1. Field of the Invention
The present invention relates to surface acoustic wave devices used as, for example, band-pass filters or resonators and methods for manufacturing the surface acoustic wave devices. In particular, the present invention relates to a surface acoustic wave device including a plurality of wiring patterns having different potentials that are arranged on a piezoelectric substrate so as to three-dimensionally intersect with each other with insulating layers disposed therebetween and the present invention also relates to a method for manufacturing such surface acoustic wave devices.
2. Description of the Related Art
Surface acoustic wave devices have been widely used as band-pass filters or resonators. The surface acoustic wave devices are strongly required to have a reduced sized and therefore are likely to have a configuration in which a plurality of wiring patterns having different potentials are arranged on a piezoelectric substrate so as to three-dimensionally intersect with each other with an insulating layer disposed therebetween.
In some applications, the surface acoustic wave devices are required to have high power durability. Japanese Unexamined Patent Application Publication No. 2002-305425 discloses surface acoustic wave devices including electrodes having excellent power durability. With reference to FIG. 10, a surface acoustic wave device 1001 disclosed in Japanese Unexamined Patent Application Publication No. 2002-305425 includes a piezoelectric substrate 1002 made of a LiNbO3 or LiTaO3 single-crystal. In the manufacture thereof, after affected layers are removed from surfaces of the piezoelectric substrate 1002, a base electrode layer 1003 primarily including at least one of Ti and Cr is formed by vacuum vapor deposition. An Al electrode layer 1004 including Al or primarily including Al is then formed. The Al electrode layer 1004 is an epitaxial film having six-fold rotational symmetric spots appearing in an XRD pole figure and has a twin crystal structure.
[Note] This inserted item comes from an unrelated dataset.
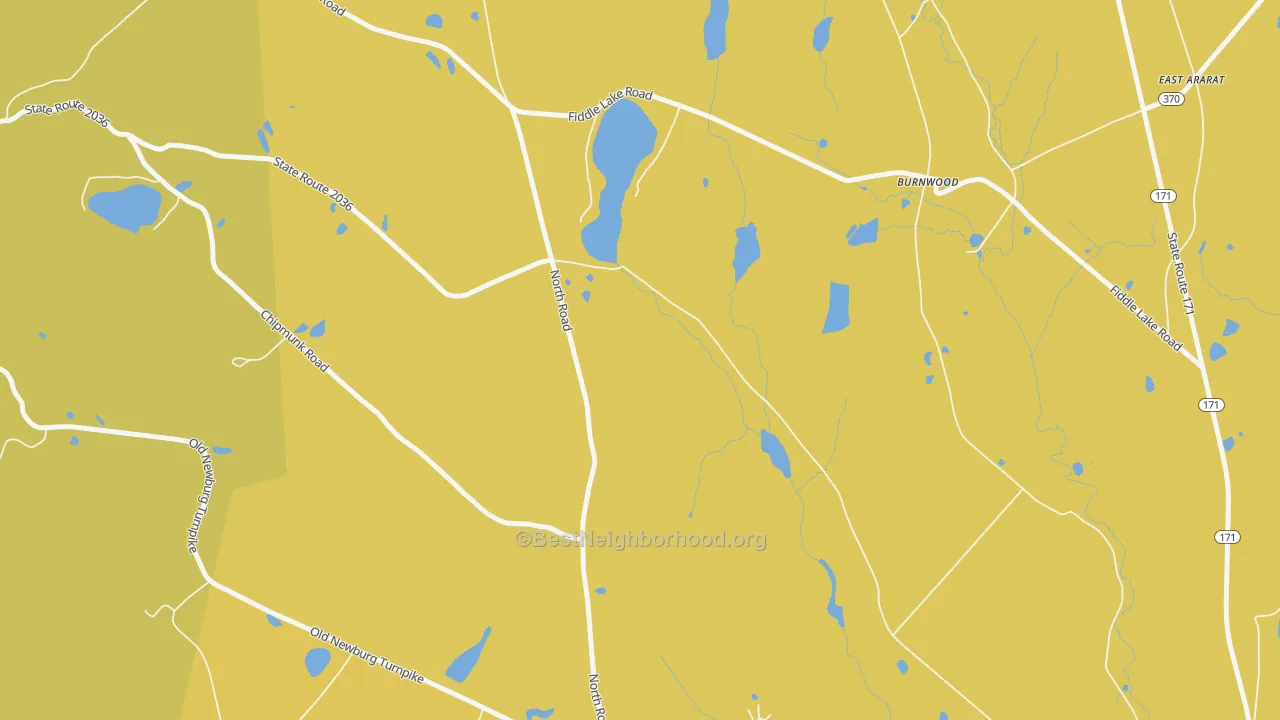 Map of the best neighborhoods in the Burnwood area, with better matches in green and worse matches in red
The Al electrode layer 1004 has a crystal orientation in which the crystallographic z-axis of the piezoelectric substrate 1002 substantially coincides with the direction normal to the (111) plane of an Al crystal. Japanese Unexamined Patent Application Publication No. 2002-305425 describes that grain boundaries in the Al electrode layer 1004 are not greater than one interatomic spacing and the self-diffusion of Al through the grain boundaries does not substantially occur. Japanese Unexamined Patent Application Publication No. 2002-305425 also describes that an Al—Cu alloy including a small amount of Cu may be used instead of Al.
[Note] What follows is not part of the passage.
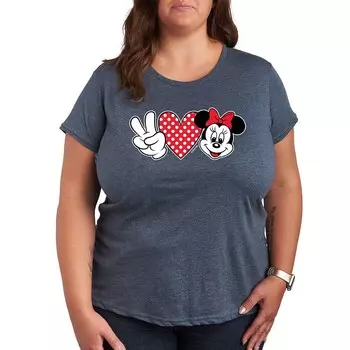 Футболка Disney's Minnie Mouse Plus Peace Love с рисунком, цвет Heather Blue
The surface acoustic wave device disclosed in Japanese Unexamined Patent Application Publication No. 2002-305425 has increased power durability because of the use of the Al electrode layer 1004 which has the twin crystal structure. The inventors of the present invention have verified that in the case of adding Cu to Al, Al electrode layers having a higher Cu content have higher power durability. Surface acoustic wave devices having a Cu content of 0%, 0.1%, or 1% have been manufactured and have then been tested for power durability in an acceleration mode (power greater than power usually used is applied). FIG. 11 shows the test results. MTTF shown in FIG. 11 refers to a mean time to failure (h). Power is a value that is normalized based on the power that causes a failure of the surface acoustic wave device having a Cu content of 0%. A reduction in loss of 0.3 dB was classified as a failure.
As shown in FIG. 11, an increase in Cu content increases the mean time to failure, which increases the power durability.
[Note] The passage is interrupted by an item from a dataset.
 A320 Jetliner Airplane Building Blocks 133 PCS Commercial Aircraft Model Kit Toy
For the purpose of size reduction, surface acoustic wave devices are likely to have a configuration in which interconnections connected to different potentials three-dimensionally intersect with each other with an insulating layer disposed therebetween as described above. When a surface acoustic wave device having such a configuration includes an electrode layer that is made of an epitaxial film of an Al—Cu alloy prepared by heavily doping Al with Cu for the purpose of improving power durability and which has a twin crystal structure having six-fold rotational symmetric spots appearing in an XRD pole figure, there is a problem in that hillocks or protrusions are formed on IDT electrodes.
When using a polycrystalline Al—Cu alloy instead of an Al—Cu alloy film made from an epitaxial film having a twin crystal structure having six-fold rotational symmetric spots appearing in an XRD pole figure, hillocks or protrusions are not formed. When using the epitaxial film, which is made of the Al—Cu alloy prepared by heavily doping Al with Cu for the purpose of improving power durability and which has a twin crystal structure, abnormal hillocks or protrusions are likely to be formed on the IDT electrodes during heat curing of the insulating film to form the three dimensionally intersecting portion.